**Work request**
A full, word-for-word copy of the listing below is needed; leave the images out of it.

**Provided data**

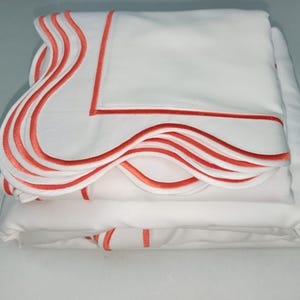 May include: A set of white bed linens with a scalloped edge and a coral colored trim.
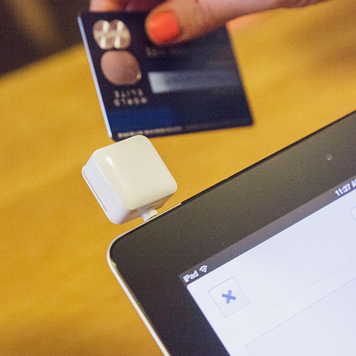 Merchant swiping credit card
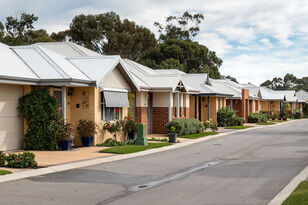 elderly aged care resident sitting down outside the nursing home with two baptistcare aged care workers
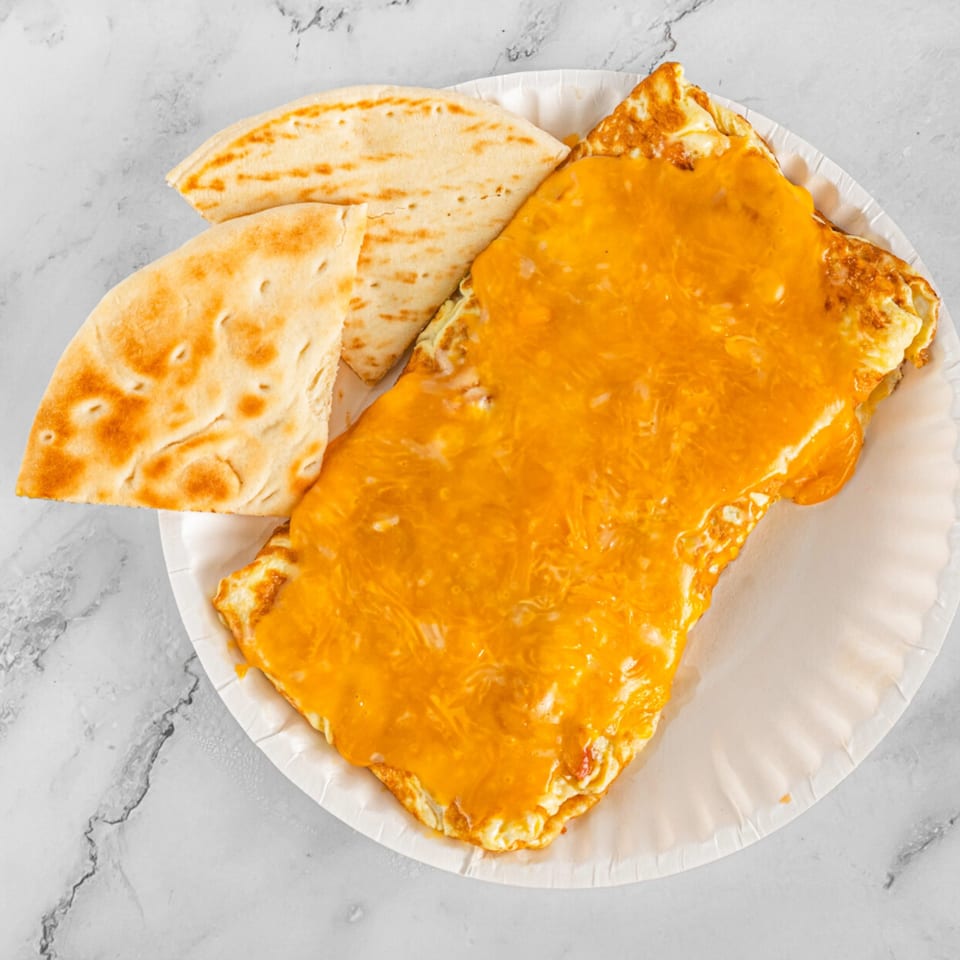 A cheesy omelet and two pieces of flatbread on a white paper plate.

**Answer space**
 May include: A set of white bed linens with a scalloped edge and a coral colored trim.
 Merchant swiping credit card
 elderly aged care resident sitting down outside the nursing home with two baptistcare aged care workers
 A cheesy omelet and two pieces of flatbread on a white paper plate.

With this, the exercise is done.